Dr. Hilleke explained that the best thing about being an experimental physicist is that “the instruments are like toys,” and that when you get an idea for something and you work on it long enough, your main focus and drive is that initiative. While he was working at Argonne National Laboratory in Chicago in the mid 1980s, he and a team of researchers built a device to measure the chemical and magnetic depth of solids without actually interfering with those solids themselves.
“When we first started developing the reflectometer, we could think of no reason why it shouldn’t work,” he said, his enthusiasm for the subject evident. After roughly two years of development, they were ready to try getting it to operate. “You’re plugging away that whole time, flying blind, really, but following your intuition. And that first time we ran it, and we got it to work, well,” he grinned with remembered pleasure, “that feeling was like Christmas morning.”
He went on to say that the device was almost like looking through a prism at light patterns, but then quickly amended himself. “No, it was exactly like looking through a prism, except instead of light, you were seeing neutrons,” Hilleke says. “The results weren’t just what we expected. They were better than what we’d expected.”
His team’s success with this went beyond personal satisfaction, however; a short while later, IBM approached them to develop a similar device, this time to measure the depth of polymers for use in computer chips.
Which brings us to Dr. Peeples, who worked for NCR in the early ’90s. “We’d been working with Intel to develop faster processors, but the biggest problem we encountered was the heat distribution issue,” he told me. “Other companies, like Sun Microsystems, DEC, etc., were making chips with faster processing power, and we wanted to figure out a way to increase our speed.” Working with Intel, they started to make strides in that area, creating a patent portfolio of 17 different designs.
Eventually, he and a small group of researchers left the company and, in early 1996, formed their own, Kryotech. “We had been primarily working with larger systems, servers and mainframes, but we wanted to focus our efforts on personal systems, to achieve the Four Minute Mile of computing — the one gigahertz computer.” The one gigahertz computer had seemed an impossible goal to achieve; the faster a processor was, the more heat it generated.
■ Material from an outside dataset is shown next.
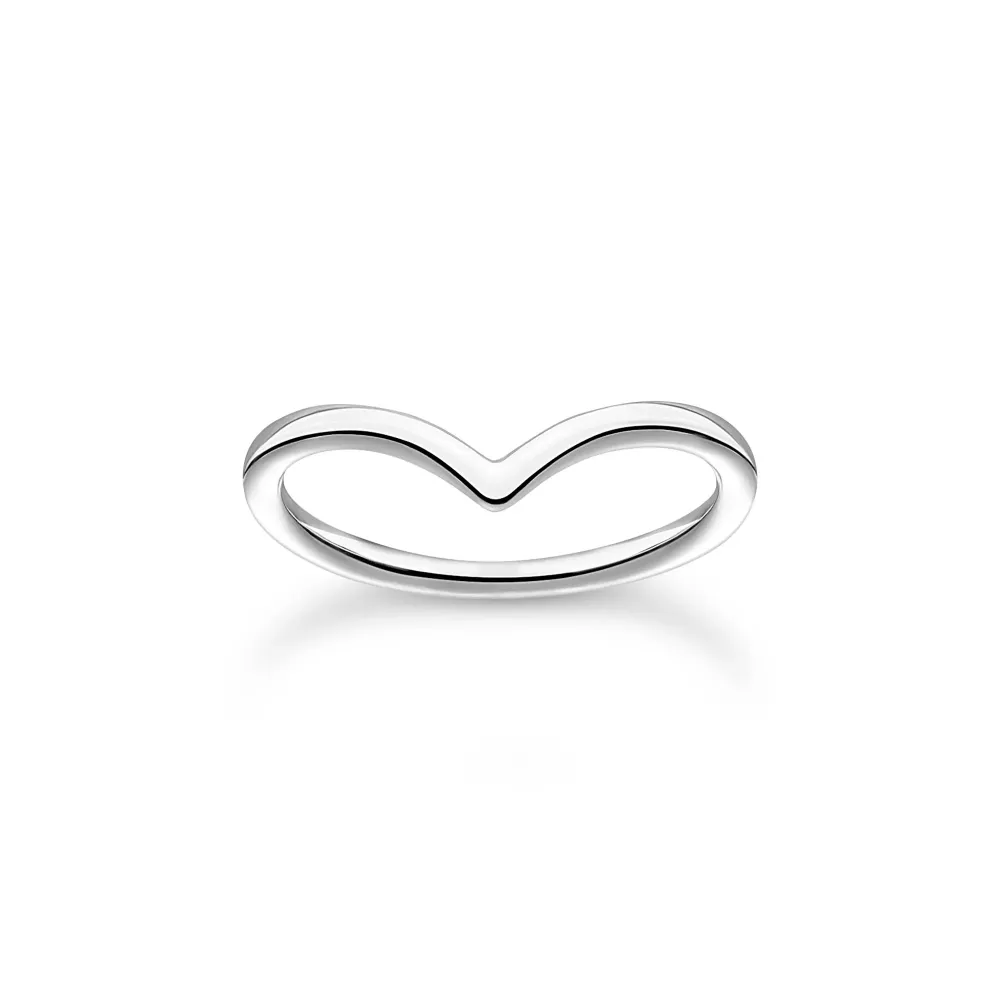 Thomas Sabo Ring V-formad Strl 50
Eventually, without proper cooling, that chip overheats and cracks, rendering the computer inoperable. Trying to get past the barrier from MHz to GHz was more than just a benchmark. The way they figured out how to do that was by building a refrigeration unit into the system itself, attaching a cooling unit right onto the face of the processor. Working long days and living on their savings, they toiled away on their project, eventually getting some help from (ironically enough) Intel’s chief rival, AMD.
Finally, in 1998, they could feel they were getting closer. Peeples says, “We’d get the chips, put them in the computer, start it up, and it would look like it was about to boot when we’d get the blue screen” he recounted ruefully. “All we could do was to keep trying.”
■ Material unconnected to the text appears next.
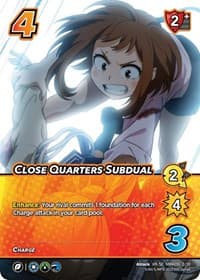 Close Quarters Subdual (XR)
Then, one Thursday in April, it happened. “In this field, the big joke is that nothing ever happens during regular hours. You usually get results at midnight on a Friday, or working all the way through the weekend,” Peeples says. “The following Monday, there was a trade show in New York, and AMD had said they had ‘something big’ to unveil. So when we installed the chip, turned on the computer, watched it boot up, and then the Windows banner appeared on the screen at 4:30 in the afternoon, then we restarted and it booted up again, we were pleased beyond all expectations.”
Aside from some quick drama — the head engineer accidentally cracked the chip, and they had to scramble for a replacement that worked before getting the system to the show — they managed to make it work and get it to keep working.
Looking back, both men had good things to say about their experiences. “You don’t get many moments where you feel as though you’ve made an actual advance in technology,” Dr. Peeples told me.
Dr. Hilleke was equally insightful. “I’d describe it by saying that you feel as if the group you’re working with are the only people in the world who understand how important this is. Einstein once said that you never get to the point where a breakthrough is routine,” he further observed. “I agree with that wholeheartedly.”